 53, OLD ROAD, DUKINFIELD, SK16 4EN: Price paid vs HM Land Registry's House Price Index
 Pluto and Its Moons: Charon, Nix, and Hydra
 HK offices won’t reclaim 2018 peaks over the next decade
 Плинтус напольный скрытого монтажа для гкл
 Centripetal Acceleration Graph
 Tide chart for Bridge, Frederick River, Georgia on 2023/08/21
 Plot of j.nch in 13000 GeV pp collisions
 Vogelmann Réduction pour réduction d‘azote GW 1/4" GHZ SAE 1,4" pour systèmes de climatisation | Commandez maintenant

++++

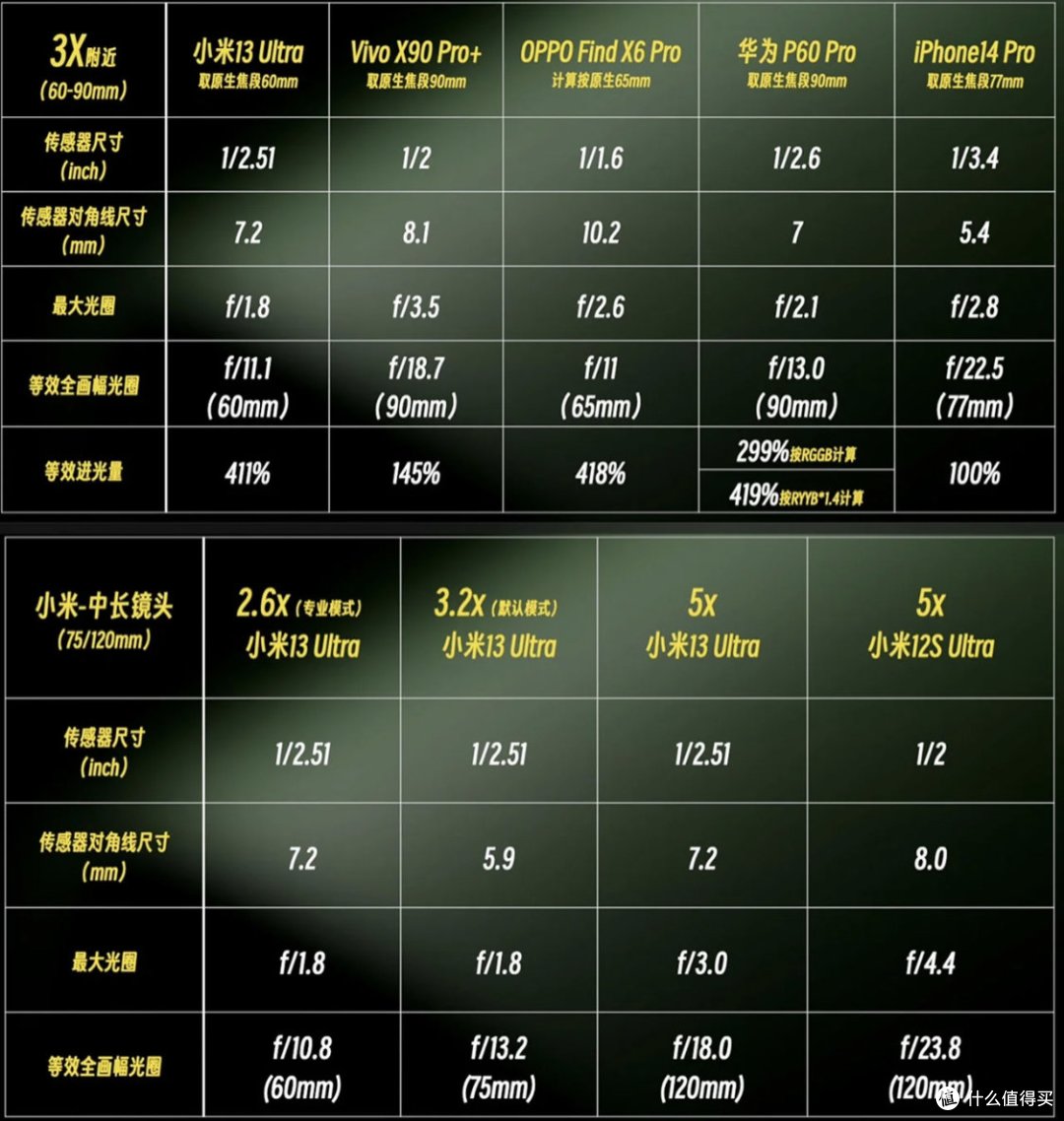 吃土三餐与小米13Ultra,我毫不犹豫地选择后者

++++

# [INSTRUCTIONS FOR THE TASK]
Your task for the entries above: copy exactly the span starting with the line with "HK offices won’t" and going on through the line with "Vogelmann Réduction pour", both lines included, and nothing else.

# [REPLY TO THE TASK]
 HK offices won’t reclaim 2018 peaks over the next decade
 Плинтус напольный скрытого монтажа для гкл
 Centripetal Acceleration Graph
 Tide chart for Bridge, Frederick River, Georgia on 2023/08/21
 Plot of j.nch in 13000 GeV pp collisions
 Vogelmann Réduction pour réduction d‘azote GW 1/4" GHZ SAE 1,4" pour systèmes de climatisation | Commandez maintenant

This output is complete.